Mobile robot path planning (7) --- MDP-based path planning MDP-Based Planning

Table of contents

1 What is MDP-Based Planning

2  worst-case analysis for nondeterministic model

3 Expected Cost Planning

4  Real Time Dynamic Programming(RTDP)


1 What is MDP-Based Planning

        We had many executable paths from the starting point to the end point. We can choose the optimal path according to changes in the environment during execution.

        So far, we have assumed that the robot is planning under ideal conditions (the robot's execution is perfect, the robot's estimation is perfect).

        ​​​​Using the two pictures above, we plan a route from one location to another. We assume that if we let the robot walk a grid, it will walk a grid. In the picture on the right, we assume that it accurately reflects the environment. After estimating the pose, we assume that the robot accurately reaches the end position and there are no unexpected situations.

        This is not actually the case:

        In practical applications, execution and status are not perfect.
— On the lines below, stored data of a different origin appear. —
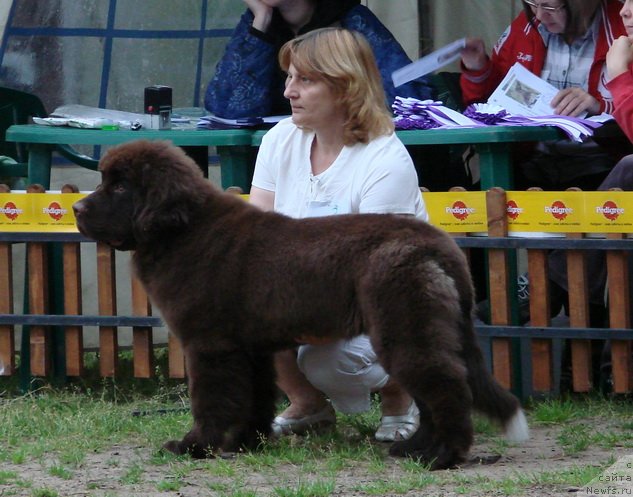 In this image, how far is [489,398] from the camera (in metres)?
4.71

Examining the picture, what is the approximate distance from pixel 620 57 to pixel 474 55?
44.7 inches

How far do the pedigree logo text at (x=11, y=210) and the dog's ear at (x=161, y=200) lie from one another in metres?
1.97

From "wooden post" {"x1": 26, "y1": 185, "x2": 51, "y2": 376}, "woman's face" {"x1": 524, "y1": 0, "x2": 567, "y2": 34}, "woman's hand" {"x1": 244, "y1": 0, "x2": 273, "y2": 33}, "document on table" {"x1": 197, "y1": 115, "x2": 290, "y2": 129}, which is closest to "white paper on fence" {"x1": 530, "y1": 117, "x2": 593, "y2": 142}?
"woman's face" {"x1": 524, "y1": 0, "x2": 567, "y2": 34}

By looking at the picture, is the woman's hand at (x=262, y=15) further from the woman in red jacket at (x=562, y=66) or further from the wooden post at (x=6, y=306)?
the wooden post at (x=6, y=306)

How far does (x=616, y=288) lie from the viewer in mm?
6035

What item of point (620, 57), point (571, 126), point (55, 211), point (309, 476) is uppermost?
point (620, 57)

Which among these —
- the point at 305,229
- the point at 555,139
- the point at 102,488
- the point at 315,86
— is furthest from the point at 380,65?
the point at 102,488

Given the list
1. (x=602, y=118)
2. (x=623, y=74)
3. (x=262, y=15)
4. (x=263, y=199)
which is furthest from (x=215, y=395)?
(x=262, y=15)

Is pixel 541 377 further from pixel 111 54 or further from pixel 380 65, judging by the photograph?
pixel 111 54

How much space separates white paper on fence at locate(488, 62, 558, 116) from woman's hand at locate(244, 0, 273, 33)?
1.38 metres

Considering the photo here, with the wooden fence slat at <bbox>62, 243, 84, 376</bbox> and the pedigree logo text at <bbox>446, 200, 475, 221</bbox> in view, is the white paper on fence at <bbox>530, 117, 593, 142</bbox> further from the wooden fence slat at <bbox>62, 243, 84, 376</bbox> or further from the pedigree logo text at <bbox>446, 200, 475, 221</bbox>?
the wooden fence slat at <bbox>62, 243, 84, 376</bbox>

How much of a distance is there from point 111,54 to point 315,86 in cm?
350

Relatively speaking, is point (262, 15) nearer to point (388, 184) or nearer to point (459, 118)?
point (459, 118)

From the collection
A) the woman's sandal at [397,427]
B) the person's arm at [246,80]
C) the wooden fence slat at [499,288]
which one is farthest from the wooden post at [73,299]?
the wooden fence slat at [499,288] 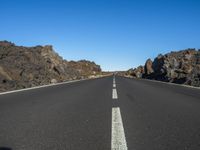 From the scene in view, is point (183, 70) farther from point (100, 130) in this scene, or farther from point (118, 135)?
point (118, 135)

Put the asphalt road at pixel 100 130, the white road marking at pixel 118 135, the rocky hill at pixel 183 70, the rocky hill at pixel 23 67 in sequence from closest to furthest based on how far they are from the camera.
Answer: the white road marking at pixel 118 135, the asphalt road at pixel 100 130, the rocky hill at pixel 23 67, the rocky hill at pixel 183 70

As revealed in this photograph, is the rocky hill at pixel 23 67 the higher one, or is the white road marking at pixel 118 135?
the rocky hill at pixel 23 67

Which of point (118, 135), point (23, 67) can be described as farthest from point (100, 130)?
point (23, 67)

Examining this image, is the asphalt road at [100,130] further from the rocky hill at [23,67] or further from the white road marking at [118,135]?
the rocky hill at [23,67]

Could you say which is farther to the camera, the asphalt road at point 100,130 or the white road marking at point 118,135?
the asphalt road at point 100,130

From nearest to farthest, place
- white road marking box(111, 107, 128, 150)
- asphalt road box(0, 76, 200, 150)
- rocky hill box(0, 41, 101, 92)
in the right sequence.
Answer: white road marking box(111, 107, 128, 150), asphalt road box(0, 76, 200, 150), rocky hill box(0, 41, 101, 92)

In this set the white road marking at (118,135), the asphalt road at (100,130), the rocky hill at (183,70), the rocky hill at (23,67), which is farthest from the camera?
the rocky hill at (183,70)

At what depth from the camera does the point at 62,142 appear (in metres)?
4.71

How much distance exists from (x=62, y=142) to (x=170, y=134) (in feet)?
6.38

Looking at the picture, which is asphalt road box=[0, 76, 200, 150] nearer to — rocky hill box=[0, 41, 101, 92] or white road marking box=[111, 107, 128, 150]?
white road marking box=[111, 107, 128, 150]

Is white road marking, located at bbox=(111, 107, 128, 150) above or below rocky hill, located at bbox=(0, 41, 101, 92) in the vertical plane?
below

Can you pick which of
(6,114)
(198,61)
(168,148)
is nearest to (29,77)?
(6,114)

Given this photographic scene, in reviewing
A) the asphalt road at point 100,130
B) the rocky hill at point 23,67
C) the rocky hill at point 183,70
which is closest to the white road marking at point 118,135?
the asphalt road at point 100,130

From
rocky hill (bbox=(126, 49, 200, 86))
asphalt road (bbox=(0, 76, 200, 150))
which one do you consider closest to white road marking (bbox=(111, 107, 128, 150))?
asphalt road (bbox=(0, 76, 200, 150))
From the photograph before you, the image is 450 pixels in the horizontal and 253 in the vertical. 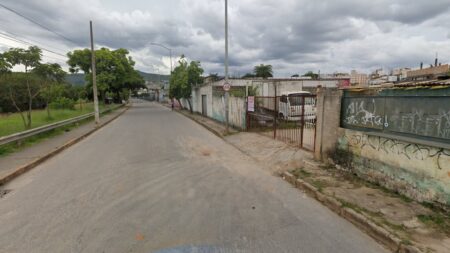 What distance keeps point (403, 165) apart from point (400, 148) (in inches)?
12.3

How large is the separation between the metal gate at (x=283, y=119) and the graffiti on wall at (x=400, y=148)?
12.1 feet

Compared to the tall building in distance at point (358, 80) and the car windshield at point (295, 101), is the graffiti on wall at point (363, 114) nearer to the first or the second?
the car windshield at point (295, 101)

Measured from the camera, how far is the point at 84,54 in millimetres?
37844

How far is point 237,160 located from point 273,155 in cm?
122

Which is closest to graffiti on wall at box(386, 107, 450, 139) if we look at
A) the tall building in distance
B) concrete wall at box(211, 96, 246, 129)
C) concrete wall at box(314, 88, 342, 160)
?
concrete wall at box(314, 88, 342, 160)

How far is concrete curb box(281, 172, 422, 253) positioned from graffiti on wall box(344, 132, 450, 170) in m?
1.53

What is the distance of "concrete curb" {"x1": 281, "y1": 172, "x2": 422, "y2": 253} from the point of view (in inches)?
127

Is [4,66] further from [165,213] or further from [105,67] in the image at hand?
[105,67]

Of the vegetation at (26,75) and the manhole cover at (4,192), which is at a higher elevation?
the vegetation at (26,75)

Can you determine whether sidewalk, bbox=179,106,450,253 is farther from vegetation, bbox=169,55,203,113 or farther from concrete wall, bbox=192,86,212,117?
vegetation, bbox=169,55,203,113

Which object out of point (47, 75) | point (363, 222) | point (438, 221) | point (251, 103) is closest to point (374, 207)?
point (363, 222)

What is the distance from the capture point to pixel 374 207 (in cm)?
424

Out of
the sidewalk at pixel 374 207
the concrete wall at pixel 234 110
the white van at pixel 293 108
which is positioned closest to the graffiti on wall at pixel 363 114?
the sidewalk at pixel 374 207

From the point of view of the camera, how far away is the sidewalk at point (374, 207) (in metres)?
3.32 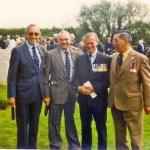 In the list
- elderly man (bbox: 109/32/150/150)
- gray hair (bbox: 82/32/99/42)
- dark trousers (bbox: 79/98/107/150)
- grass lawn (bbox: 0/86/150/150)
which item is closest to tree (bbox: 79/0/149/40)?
gray hair (bbox: 82/32/99/42)

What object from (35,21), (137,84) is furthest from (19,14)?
(137,84)

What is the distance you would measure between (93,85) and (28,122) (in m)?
0.53

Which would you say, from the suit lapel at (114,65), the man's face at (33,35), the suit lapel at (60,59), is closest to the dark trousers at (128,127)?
the suit lapel at (114,65)

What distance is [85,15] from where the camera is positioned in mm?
3814

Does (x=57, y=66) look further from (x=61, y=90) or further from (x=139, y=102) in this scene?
(x=139, y=102)

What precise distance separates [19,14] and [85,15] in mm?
471

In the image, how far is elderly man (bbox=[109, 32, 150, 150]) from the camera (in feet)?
11.6

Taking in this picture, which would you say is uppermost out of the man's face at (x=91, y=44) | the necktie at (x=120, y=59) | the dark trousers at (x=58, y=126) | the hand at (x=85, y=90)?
the man's face at (x=91, y=44)

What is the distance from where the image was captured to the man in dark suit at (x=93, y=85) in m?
3.73

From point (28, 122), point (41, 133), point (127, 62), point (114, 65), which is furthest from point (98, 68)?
point (41, 133)

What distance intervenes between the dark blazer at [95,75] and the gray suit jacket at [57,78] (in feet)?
0.28

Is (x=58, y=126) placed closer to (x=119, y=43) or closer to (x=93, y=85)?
(x=93, y=85)

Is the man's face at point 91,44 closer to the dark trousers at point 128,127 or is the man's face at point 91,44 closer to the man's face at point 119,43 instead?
the man's face at point 119,43

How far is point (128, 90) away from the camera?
3.58 meters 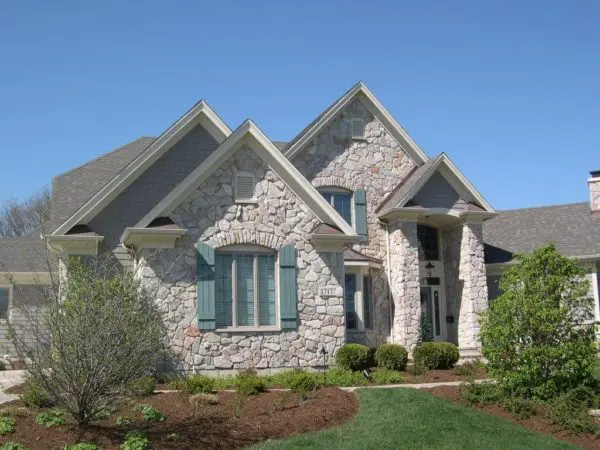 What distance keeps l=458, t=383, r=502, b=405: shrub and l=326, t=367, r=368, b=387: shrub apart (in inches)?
102

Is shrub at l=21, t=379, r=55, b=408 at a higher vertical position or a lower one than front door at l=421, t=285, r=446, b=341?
lower

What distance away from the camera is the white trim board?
16.2 meters

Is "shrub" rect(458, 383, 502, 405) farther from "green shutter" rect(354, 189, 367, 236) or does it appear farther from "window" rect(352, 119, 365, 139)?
"window" rect(352, 119, 365, 139)

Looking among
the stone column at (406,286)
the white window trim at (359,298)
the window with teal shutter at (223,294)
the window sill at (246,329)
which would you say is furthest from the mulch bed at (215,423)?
the stone column at (406,286)

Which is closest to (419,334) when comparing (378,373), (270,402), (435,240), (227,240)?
(435,240)

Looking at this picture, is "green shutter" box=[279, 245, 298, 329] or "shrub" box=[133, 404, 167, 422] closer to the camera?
"shrub" box=[133, 404, 167, 422]

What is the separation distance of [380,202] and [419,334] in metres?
4.45

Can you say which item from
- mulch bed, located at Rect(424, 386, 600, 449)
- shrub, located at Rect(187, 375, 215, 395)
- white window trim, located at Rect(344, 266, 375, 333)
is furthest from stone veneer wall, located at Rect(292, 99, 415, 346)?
mulch bed, located at Rect(424, 386, 600, 449)

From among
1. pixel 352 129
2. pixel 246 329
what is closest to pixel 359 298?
pixel 352 129

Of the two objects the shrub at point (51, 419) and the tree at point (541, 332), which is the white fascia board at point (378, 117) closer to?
the tree at point (541, 332)

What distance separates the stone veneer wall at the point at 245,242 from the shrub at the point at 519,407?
5.36 m

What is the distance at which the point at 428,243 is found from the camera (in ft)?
80.8

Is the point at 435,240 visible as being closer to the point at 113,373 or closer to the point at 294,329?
the point at 294,329

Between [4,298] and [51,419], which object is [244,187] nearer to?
[51,419] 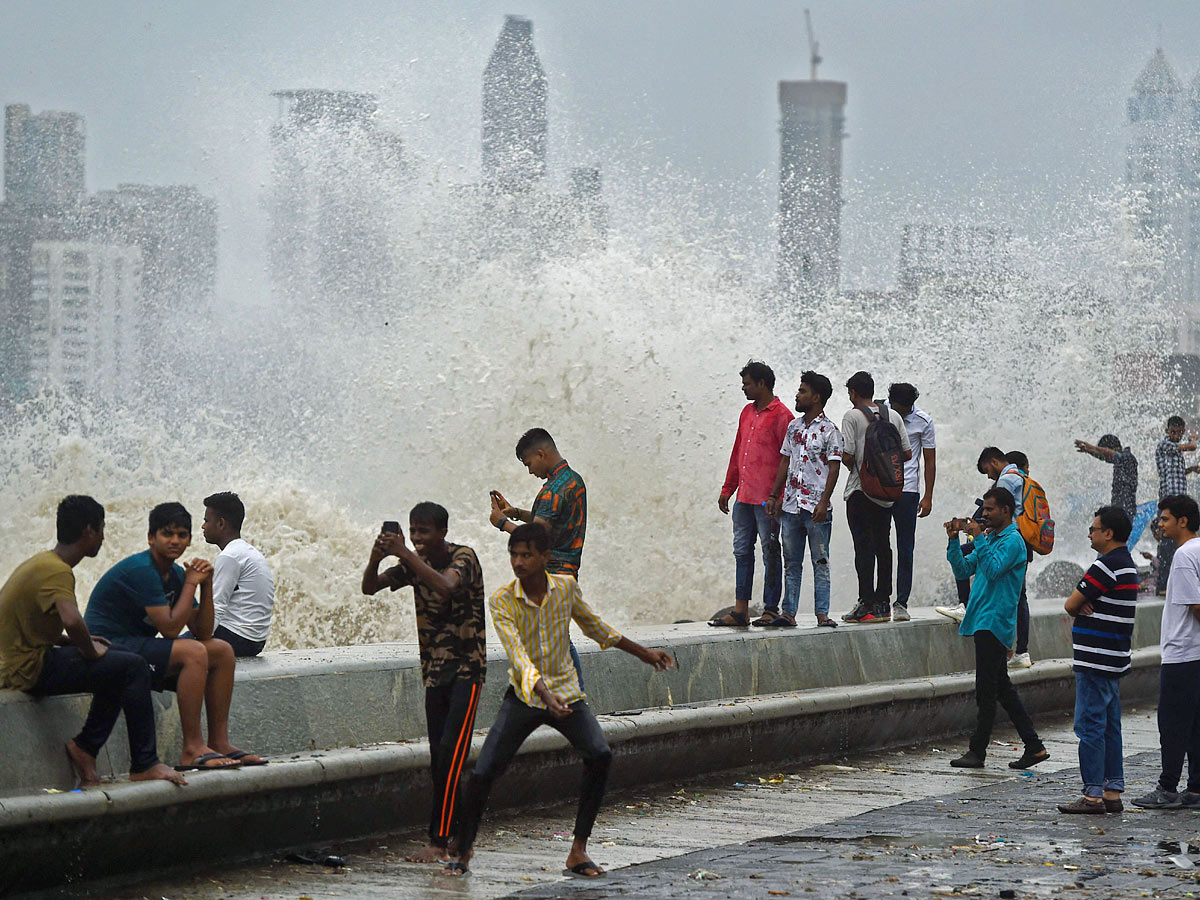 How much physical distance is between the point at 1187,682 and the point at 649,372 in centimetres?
1378

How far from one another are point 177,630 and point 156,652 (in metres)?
0.13

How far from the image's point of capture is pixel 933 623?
11.4m

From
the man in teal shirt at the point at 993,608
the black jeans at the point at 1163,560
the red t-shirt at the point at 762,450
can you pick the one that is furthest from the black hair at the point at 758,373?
the black jeans at the point at 1163,560

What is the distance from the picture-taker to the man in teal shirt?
9242mm

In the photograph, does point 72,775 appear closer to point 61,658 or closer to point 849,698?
point 61,658

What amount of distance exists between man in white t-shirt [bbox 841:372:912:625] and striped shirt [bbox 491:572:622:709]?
4671 millimetres

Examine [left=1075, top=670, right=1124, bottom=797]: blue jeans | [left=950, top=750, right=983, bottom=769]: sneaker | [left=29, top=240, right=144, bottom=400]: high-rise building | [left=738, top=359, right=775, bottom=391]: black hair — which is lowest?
[left=950, top=750, right=983, bottom=769]: sneaker

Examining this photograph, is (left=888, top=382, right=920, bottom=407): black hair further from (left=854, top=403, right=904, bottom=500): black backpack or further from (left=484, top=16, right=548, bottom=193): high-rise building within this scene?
(left=484, top=16, right=548, bottom=193): high-rise building

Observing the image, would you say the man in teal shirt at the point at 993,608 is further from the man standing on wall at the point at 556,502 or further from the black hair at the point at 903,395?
the man standing on wall at the point at 556,502

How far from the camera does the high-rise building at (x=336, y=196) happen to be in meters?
25.6

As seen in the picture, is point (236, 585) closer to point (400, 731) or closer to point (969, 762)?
point (400, 731)

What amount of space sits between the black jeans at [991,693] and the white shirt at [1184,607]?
4.70ft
         ​ ​ ​ • Execution uncertainty: slippage, rough terrain, wind, air resistance, control errors, etc.

         • State estimation uncertainty: sensor noise, calibration error, imperfect estimation, partial observability, etc.

        ​ ​ ​ Uncertainty can be divided into two categories from the robot’s perspective, which indicates how much information the robot can utilize.

        Uncertainty model

        • Non-determinism: The robot does not know what type of uncertainty or disturbance will be added to its behavior (next step). (The offset target point is very far affected by the natural environment)

         • Probabilistic: The robot has a certain estimate of uncertainty through observation and collection of statistical data. (After running a part until you are disturbed)

        ​​​​To formally describe this concept, we first introduce two decision-makers to simulate the generation of uncertainty, and then the type of planning with uncertainty.

        Decision maker (game participant):

         • Robot is the primary decision-maker, planning based on fully known states and perfect execution.

         • Nature adds uncertainty to the plans made by the robot, which is unpredictable for the robot.

        Formalization-7.1: Game with nature (independent game)
• The non-empty set U is called the robot action space. Each u ∈ U is called a robot action.
• The non-empty set Θ is called the nature action space. Every θ ∈ Θ is called a natural action.
• Function L: U × Θ → R ∪ {∞}, called cost function or negative reward function.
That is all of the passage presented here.